= Try it =
Set down the data below without change, skipping the pictures it holds.

Dataset items
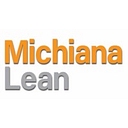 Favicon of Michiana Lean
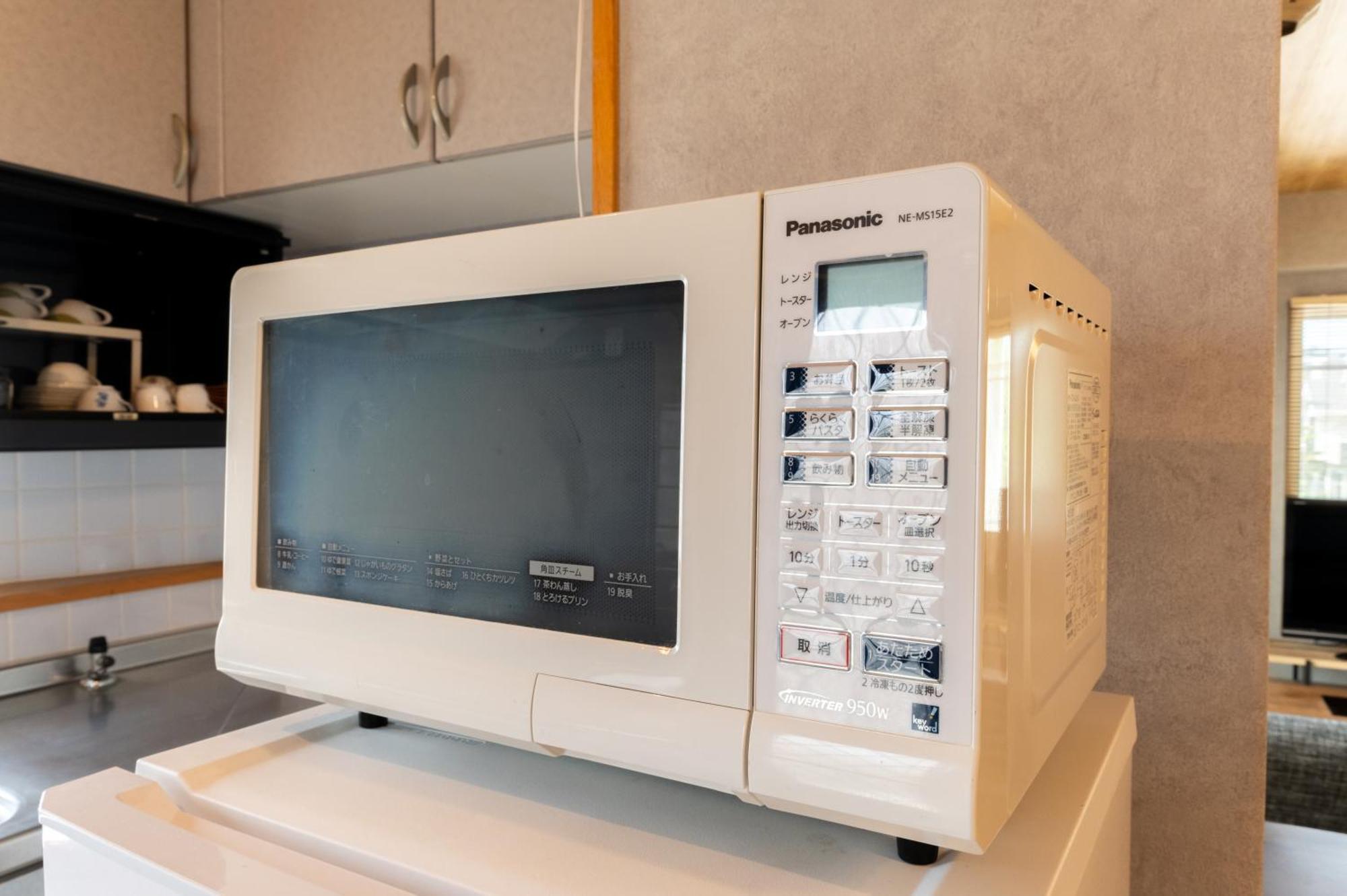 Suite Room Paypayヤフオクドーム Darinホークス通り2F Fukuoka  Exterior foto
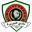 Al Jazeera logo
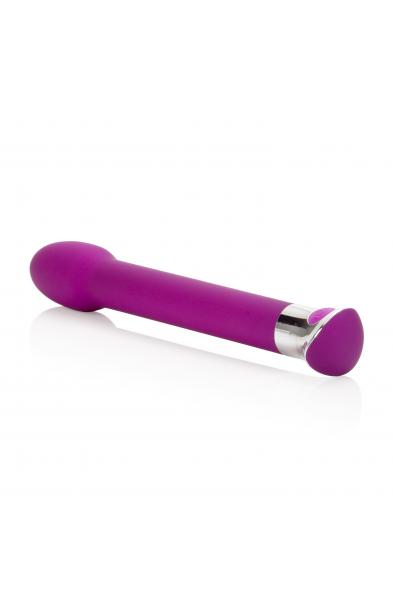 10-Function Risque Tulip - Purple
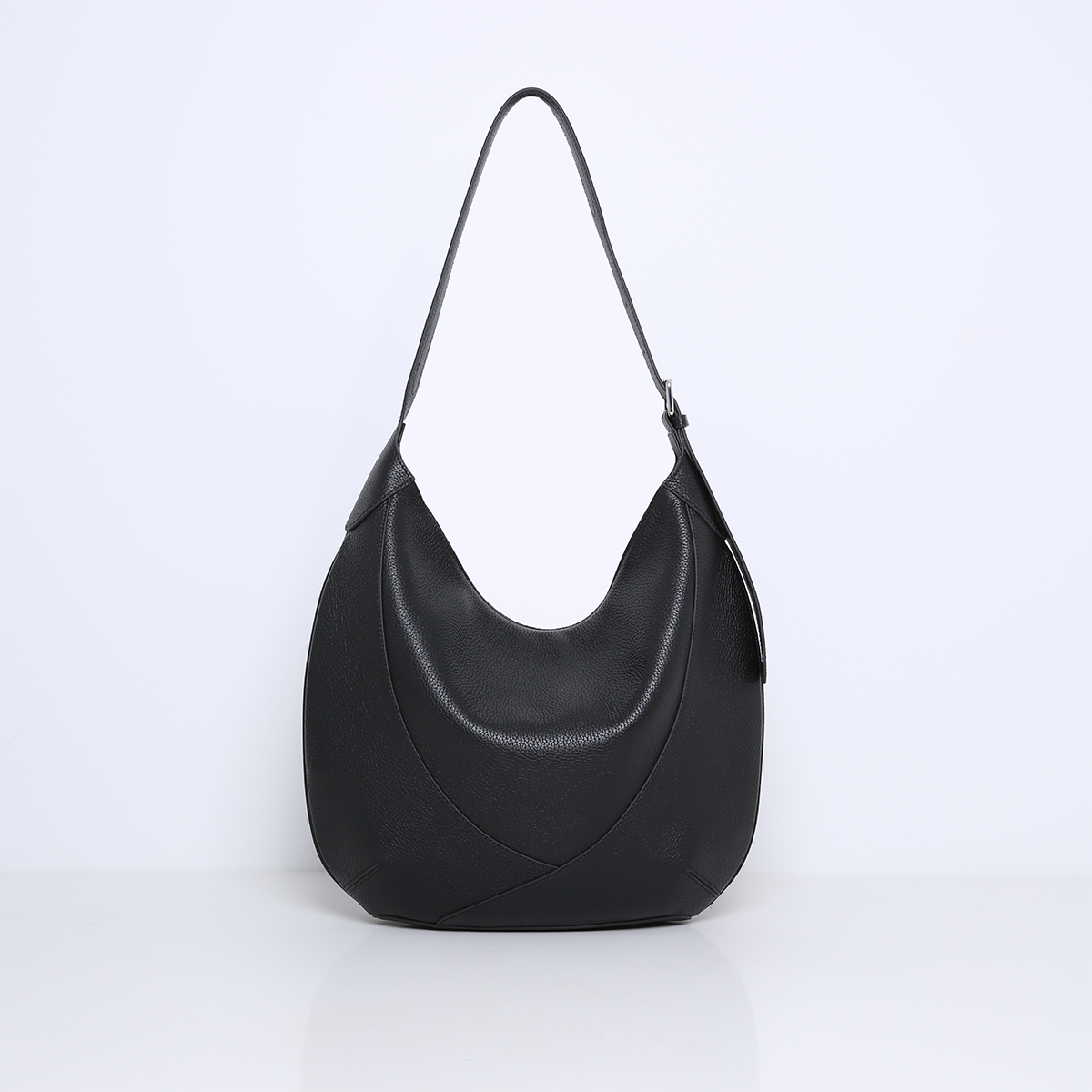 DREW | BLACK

= Solution to the exercise =
 Favicon of Michiana Lean
 Suite Room Paypayヤフオクドーム Darinホークス通り2F Fukuoka  Exterior foto
 Al Jazeera logo
 10-Function Risque Tulip - Purple
 DREW | BLACK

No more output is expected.